The comparison with MLS and SMILES in this region is very consistent, with MIPAS O3 mixing ratios being in general larger, between 5 % and 10 %, than those of these two instruments up to altitudes of nearly 75 km. Note that the differences with respect to MLS at nighttime in this region are slightly smaller, with values close to 5 % from 45 to 75 km. The better agreement between infrared (MIPAS and ACE) instruments with respect to the microwave instruments (MLS and SMILES) suggests that the differences are caused by inconsistencies between the spectroscopic data in those spectral regions. In fact, it has been shown that O3 intensities in HITRAN2016 (the basis of ACE v4 retrievals) are too weak by about 3 % (Birk et al.2019). This bias, although it does not fully explain the differences between ACE-FTS and MLS/SMILES of about 5 %–10 %, is consistent with this result.

MIPAS agrees well with SABER in the lower stratosphere, up to  35 km. However, above this altitude, at 40 to 60 km, SABER O3 VMR is larger than MIPAS by 20 % during the daytime and by 10 % at nighttime. The differences are larger for MLS, SMILES and GOMOS. Rong et al. (2009) found a positive bias in SABER stratospheric O3, version 1.07, which might explain these differences. Also, SABER retrieves O3 from the bands in the 10 µm region, while MIPAS uses the v2 band up to 50 km. We have discussed above that when using the microwindows of the MIPAS AB band, which include lines of the ozone 10 µm band, we retrieve larger O3 concentrations. Thus, these spectroscopic inconsistencies might partially explain the MIPAS and SABER differences in this region. Above 60 km, the differences between MIPAS and SABER increase, reaching differences at 60–85 km within 20 %–60 % in the daytime and in the range of 10 %–25 % at nighttime, with MIPAS ozone mixing ratios always being smaller. Smith et al. (2013) have already reported that daytime SABER O3 mixing ratios are overestimated in this region. One possible cause of this overestimation is the larger collisional rate (about a factor of 2) for the O3(v1,v3)+M(N2, O2) process used in SABER as compared to MIPAS retrievals (Mlynczak et al.2013; López-Puertas et al.2018). This would also explain the larger differences in the daytime as non-LTE effects are larger for these conditions (Funke et al.2012).

The large relative differences in MIPAS with respect to ACE and MLS near 80 km are caused by the smaller concentrations of O3; the difference in absolute values is smaller than 0.1 ppmv. MIPAS, however, shows slightly larger ( 10 %) O3 VMR than SMILES in this region. In the daytime upper mesosphere, near 85–90 km, it seems that MIPAS has a positive bias of 10 % to 20 % with respect to ACE, MLS and SMILES, although it is smaller than the SABER O3 by similar amounts. However, the agreement between all instruments near the secondary maximum is remarkably good.

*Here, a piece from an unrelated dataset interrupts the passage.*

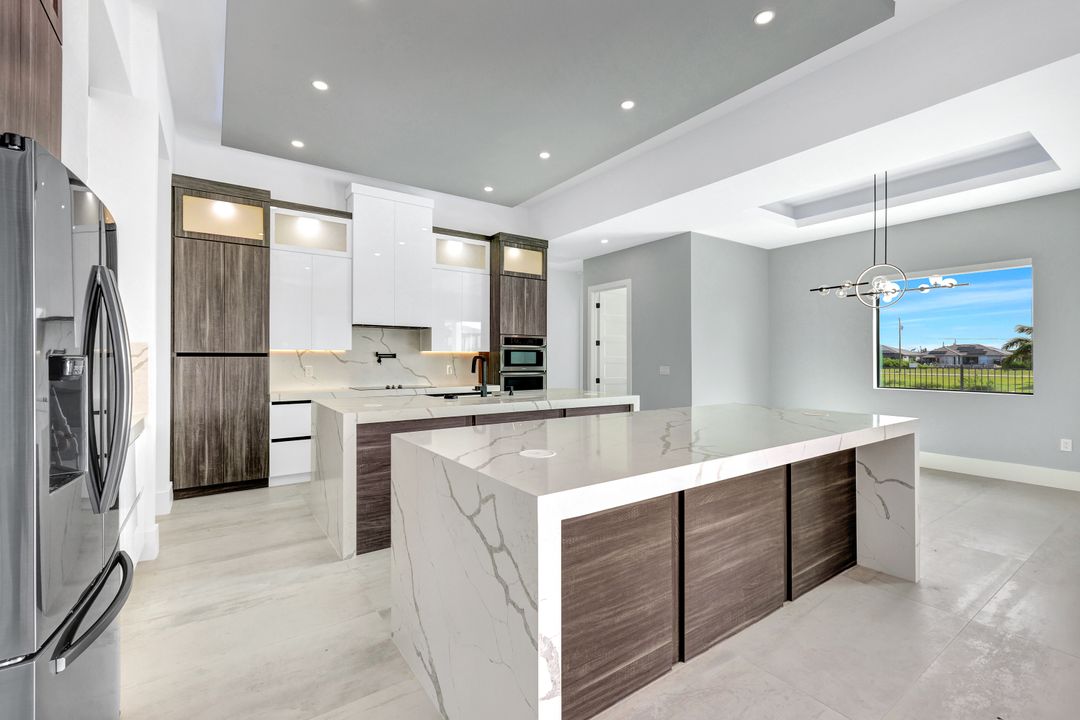 719 Old Burnt Store Rd N, Cape Coral, FL 33993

The differences between the instruments for nighttime conditions in the stratosphere and lower mesosphere (Fig. 12b) are consistent with the daytime differences. The nighttime data were also compared to GOMOS data. This comparison seems to corroborate the differences found with MLS and SMILES.

Near 60–70 km, the agreement of MIPAS with MLS is better than for the daytime and the differences between MIPAS and MLS, GOMOS and SMILES are very similar and in the range of 5 %–10 %. The larger differences and their opposite signs in the comparison with SABER have already been discussed above.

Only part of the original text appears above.